Distracted visitors, messy books, bored librarians are the characterizing elements of many of the public libraries we all know. The computerized book lending system partly reduces the risk of mispositioning of volumes on the shelves, but readers who take down all the books from the collective imagination available for consultation almost never put them back in the right place.

A project has started from Singapore that could soon facilitate the work of all the librarians in the world, or almost all: some researchers from A Star Research have built the prototype of a robot (AuRoSS) that wanders around the library shelves at night – the principle is that of the robot vacuum cleaner, so to speak – and which, by scanning the RFID (Radio Frequency Identification) code containing all the information on each volume, is able to find misplaced books . The man, still necessary, will only have to view the data the following morning and do the reorganization.

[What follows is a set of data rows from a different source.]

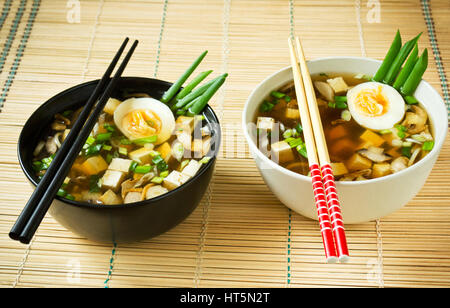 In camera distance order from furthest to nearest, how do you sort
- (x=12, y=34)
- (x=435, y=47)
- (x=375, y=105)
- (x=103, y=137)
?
(x=12, y=34) < (x=435, y=47) < (x=375, y=105) < (x=103, y=137)

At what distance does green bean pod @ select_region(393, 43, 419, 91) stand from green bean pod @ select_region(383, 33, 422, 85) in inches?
1.0

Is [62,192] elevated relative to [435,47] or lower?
lower

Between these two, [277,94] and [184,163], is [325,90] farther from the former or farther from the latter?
[184,163]

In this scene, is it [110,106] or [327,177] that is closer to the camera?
[327,177]

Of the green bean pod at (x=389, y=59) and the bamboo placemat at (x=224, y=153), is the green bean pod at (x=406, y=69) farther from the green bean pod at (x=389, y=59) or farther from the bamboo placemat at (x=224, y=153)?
the bamboo placemat at (x=224, y=153)

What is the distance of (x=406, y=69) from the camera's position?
1879mm

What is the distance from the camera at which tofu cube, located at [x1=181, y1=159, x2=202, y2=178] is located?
5.43ft

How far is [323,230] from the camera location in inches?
52.4

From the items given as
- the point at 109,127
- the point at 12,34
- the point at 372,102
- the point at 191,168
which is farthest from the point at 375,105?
the point at 12,34

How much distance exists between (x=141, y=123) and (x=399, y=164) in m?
0.89

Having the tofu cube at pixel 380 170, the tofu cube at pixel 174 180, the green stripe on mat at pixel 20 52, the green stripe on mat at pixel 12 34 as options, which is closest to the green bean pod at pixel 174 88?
the tofu cube at pixel 174 180

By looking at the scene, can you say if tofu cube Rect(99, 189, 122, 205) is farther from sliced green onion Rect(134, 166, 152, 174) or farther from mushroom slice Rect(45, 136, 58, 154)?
mushroom slice Rect(45, 136, 58, 154)

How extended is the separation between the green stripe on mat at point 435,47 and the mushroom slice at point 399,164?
63cm

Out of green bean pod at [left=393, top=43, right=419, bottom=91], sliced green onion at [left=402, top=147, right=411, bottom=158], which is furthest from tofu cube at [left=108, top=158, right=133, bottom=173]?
green bean pod at [left=393, top=43, right=419, bottom=91]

Among the risks of AuRoSS is the possibility that it will hit the shelves, causing everything to collapse: “if the robot is too far away the RFID signal will be lost, if it gets too close the antenna will hit the shelf” explains Renjun Li, one of the researchers. To overcome the problem they decided to “detect the surfaces of each shelf and use them as a guide to plan the routes”. AuRoSS has been tested in some libraries in Singapore achieving 99% movement and analysis accuracy.

An idea so simple that it appears banal, but which should reduce the margin of human error to a minimum, even if no technology can prevent the distracted librarian from misplacing a book.